Neste cenário, bairros, jardins, monumentos e valores urbanos se degradam. Como evitar este desastre? É o que o Departamento da Bahia do Instituto de Arquitetos do Brasil, com o apoio do Governo do Estado, da academia, da CEF e do CREA-Ba, quer discutir com a sociedade e especialistas do país e da Europa, em seminário sobre desenvolvimento e preservação. O ArquiMemória 3, Encontro de Arquitetos Sobre a Preservação do Patrimônio, será aberto no próximo dia 8 no Centro de Convenções da Bahia. Esta é a primeira vez, em 20 anos, que este problema será discutido em público.
Nossas cidades não possuem planejamento e confrontos explodem entre falsos desenvolvimentistas e supostos preservacionistas. Por outro lado, a setuagenária lei de tombamento não consegue evitar a deterioração de nossos centros e cidades históricas. Criam-se, assim, dois partidos radicais: os que querem liberar tudo e os que querem tombar tudo. Esse conflito poderia ser evitado com um planejamento participativo, transparente e tecnicamente sustentável. Na área rural tivemos mais sorte e já começam a surgir no país mini-parques privados, sem custo para o estado e bem cuidados.
A Constituição de 88 criou novos instrumentos de preservação, como o inventario, e tirou da União a exclusividade do patrimônio. Com isso, alguns estados e municípios passaram a realizar grandes requalificações urbanas, como o Pelourinho, o Corredor Cultural carioca, o bairro do Recife e o porto de Belém.

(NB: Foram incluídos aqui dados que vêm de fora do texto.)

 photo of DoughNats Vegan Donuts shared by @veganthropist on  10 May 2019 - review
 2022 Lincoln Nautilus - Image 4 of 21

Com a diversificação de agentes, alguns bancos, como a CEF e o BID, passaram a financiar a recuperação de velhos pardieiros, que são outra forma de favela. Mas não basta.
A realização deste encontro em Salvador não foi por acaso. Primeira capital do país, pioneira da preservação da cultura em 1927, e do planejamento em 1943 e Patrimônio Mundial desde 1983, esta cidade é hoje o retrato da desregulamentação e desestruturação urbana, porto livre de especuladores imobiliários. O que queremos discutir são as bases do desenvolvimento urbano, para que possamos ter cidades menos paralíticas, desmemoriadas, desiguais, violentas e feias. Este é o patrimônio que queremos construir hoje, sem renegar o passado, para preservar o futuro.